You could also add some ginger powder for an extra kick, if you wanted.

For the GB I have in the fermenting fridge right now, I used 1 Coopers can, 600g LDME, 600g Raw Sugar, 250g Dark Brown sugar as the fermentables.
I used spices (cinnamon, nutmeg and cloves) instead of the juice, but GB with lemon/lime is also nice.

It should be easy to get some fresh lemons/limes to squeeze them, and would be safer than using a preservative (but it would probably only be a small amount so you may be ok).


----------



## bum (19/3/10)

Agree with everything Wolfy said above (especially the dark brown sugar - brown sugar is not as good a substitute either, gotta say dark on it).
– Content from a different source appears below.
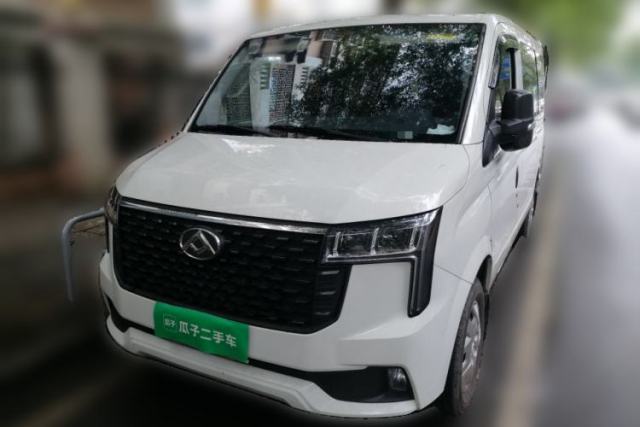 Used SAIC MAXUS Xintu V80 2023 2.0T Manual Classic Aoyuntong Short Wheelbase Ultra-Low Roof 5/6-Seater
IBut would like to say that the malt thing is very much according to preference. I do have to say that I prefer just the raw sugar for myself. I've also gone off the idea of heavy alc GBs very recently. When I'm having GBs I really do want to just pound them down (they're just so good) and I'd been making them at 6.5% or so which is just a dumb idea for the way I drink them. What I'm getting at is that 2kg of raw sugar will make a reasonably strong GB - remembering they do ferment down much lower than beer. If you're only going to have a couple rather than a session on them then high alc is cool.
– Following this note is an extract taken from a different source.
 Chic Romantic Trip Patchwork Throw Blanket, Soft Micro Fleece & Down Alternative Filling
I'd suggest upping the cinnamon addition - I use 6 to 8 whole quills in mine and the flavour is still subtle, although I do use a lot of fresh ginger as well so I wouldn't recommend you use that much for your recipe.

To be honest I don't really care what yeast I use for my GBs - I aim for so much bite that I never really notice the yeast profile. I'd use the yeast that best suited my temp control - if that makes any sense.


----------



## lczaban (19/3/10)

I'd say the recipe looks good MrMatt. I'm more on the side of Bum rather than Wolfy when it comes to malt - too much in a GB just doesn't do the flavour much justice IMHO. The sugar I tend to use is the normal Brown Sugar (the crumbly moist stuff) rather than the Dark Brown stuff (which has a noticeably darker colour to it), but the flavour "depth" increases when you use the darker stuff.

It doesn't matter which yeast you use (either US-05 or the kit yeast) - both do the GB justice. Make use you use the nutrient as well to ensure the GB fully attenuates - bottles bombs are common with GBs h34r: . My Powderkeg GB (see the Recipe DB) starts at around SG 1.035 ish but finishes at 0.996 using the kit yeast and the nutrient. Make sure it has finished before you bottle!!!!

The only other suggestion I'd make is the addition of a chilli, thinly sliced, thrown in seeds & all into the fermenter just prior to pitching the yeast. The Lemon & Lime juice may add enough acid to keep the palate lively, but the chilli definitely does the trick.

Let us know how it turns out! :icon_cheers:


----------



## mrmatt (19/3/10)

Right good I'm pretty set in that then.
yeah ill up the cinnamon to 4 or so then maybe a little nutmeg or allspice too? I'm using the crumbly brown sugar not the full dark one and not raw cane sugar like. 
Ill go with the kit yeast and save safale for my next brew. Haven't got a fridge so collapse-able coolers and freeze blocks are how i do it 
Will add a chilli or two, will the extras mean i need to boil this?


----------



## Wolfy (19/3/10)

mrmatt said:


> Will add a chilli or two, will the extras mean i need to boil this?


Boiling is probably not essential, however a short boil may help extract more flavours from some of the ingredients.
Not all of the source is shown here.